# Assessing the Impact of Product Specifications and Brand Origin on the Pricing of Mechanical Keyboards in 2025

## Problem Statement
Global supply chains have undergone significant political and economic disruption in recent years, particularly in the technology and consumer electronics industries. 

Mechanical keyboards, an essential component of modern computing and creative work, have become a notable example of how Chinese manufacturers have entered the enthusiast market with competitive alternatives.
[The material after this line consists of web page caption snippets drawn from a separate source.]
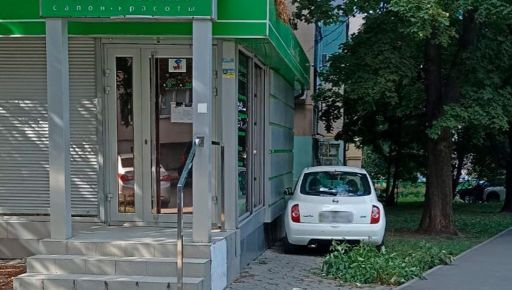 У Харкові водійка на тротуарі збила маму з 5-місячним немовлям: постраждалі в лікарні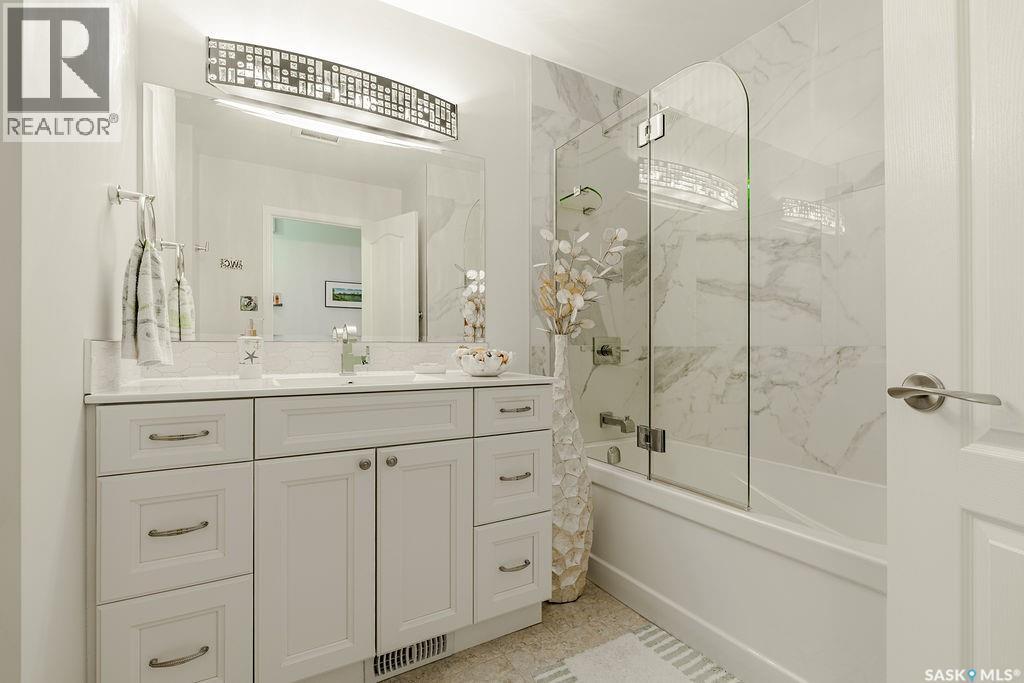 10 Capilano DRIVE — photo 25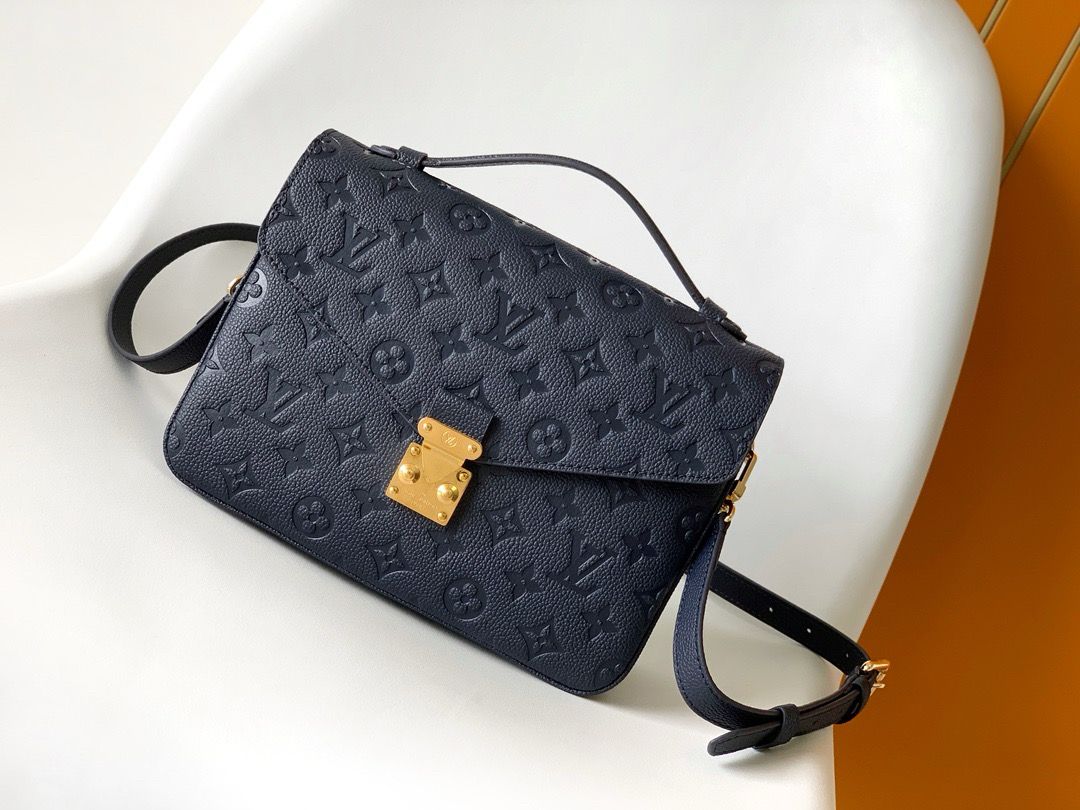 Lv Pochette Metis Black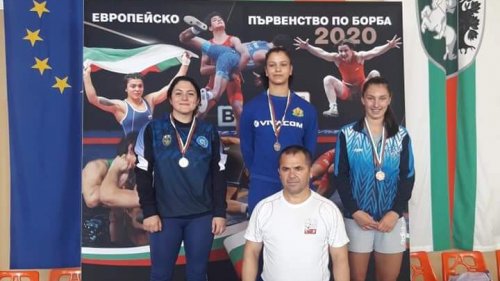 Младите състезатели по борба на Бургас са най-добрите в България! - E-Burgas.com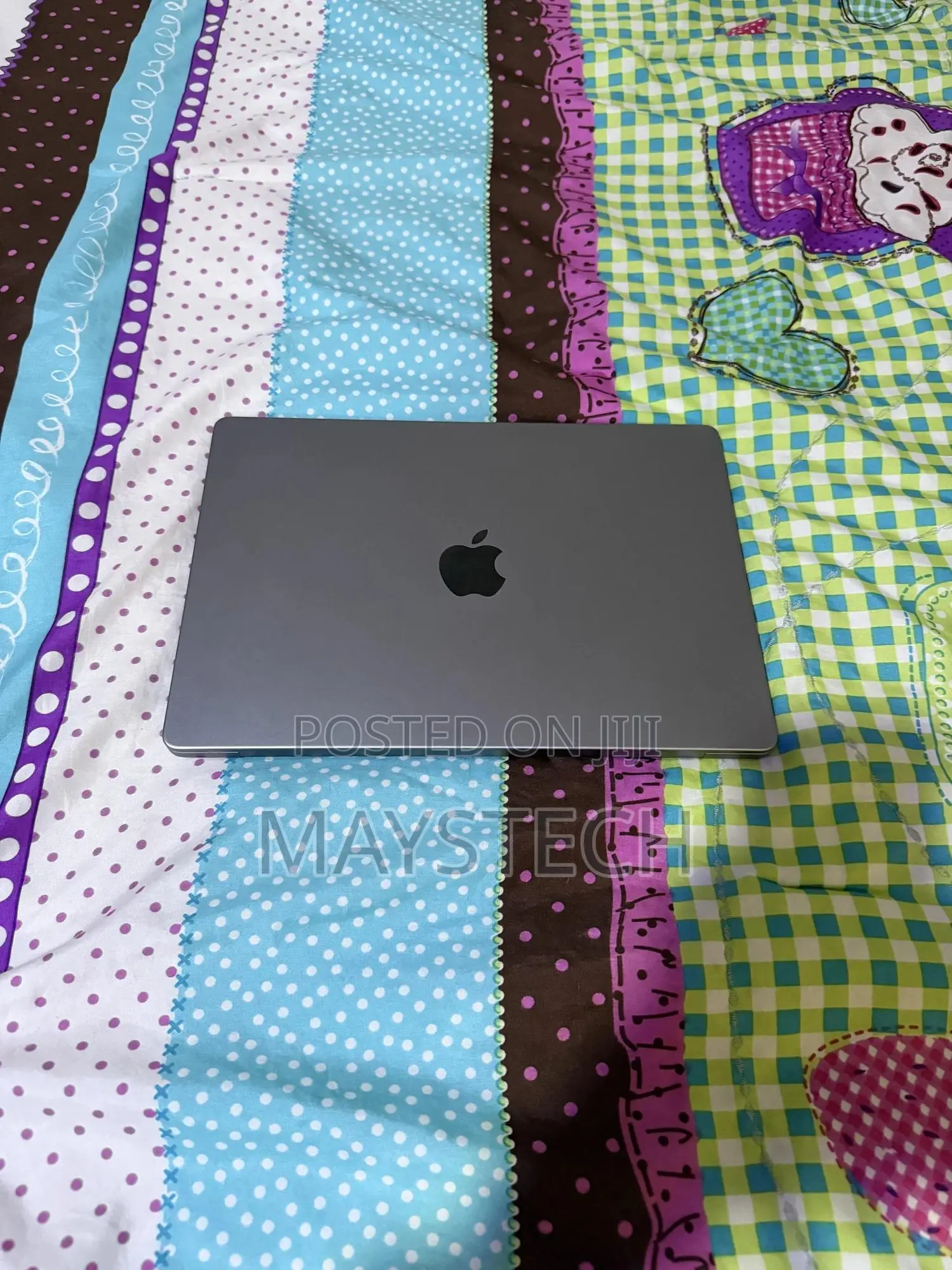 Laptop Apple MacBook Pro 2021 M1 16GB Apple M1 Pro SSD 512GB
Historically, branding and Western design heritage contributed greatly to pricing. However, with increased transparency and direct-to-consumer models from Chinese factories, this may no longer hold true.

## Goal
This project aims to use mechanical keyboard listings as a case study to explore whether technical specifications and country/brand of origin still meaningfully influence pricing in 2025.

## Hypothesis
H₀ (Null Hypothesis): Product specifications and brand origin (e.g., Chinese vs Western brands) have no significant effect on price.

H₁ (Alternative Hypothesis): Product specifications and brand origin significantly affect price.

## Objectives
- Determine which features (e.g., switch type, brand, layout, connectivity) influence pricing.

- Analyze whether branding and origin remain significant predictors of pricing.

- Provide insights into broader trends of consumer electronics pricing post-supply-chain globalization.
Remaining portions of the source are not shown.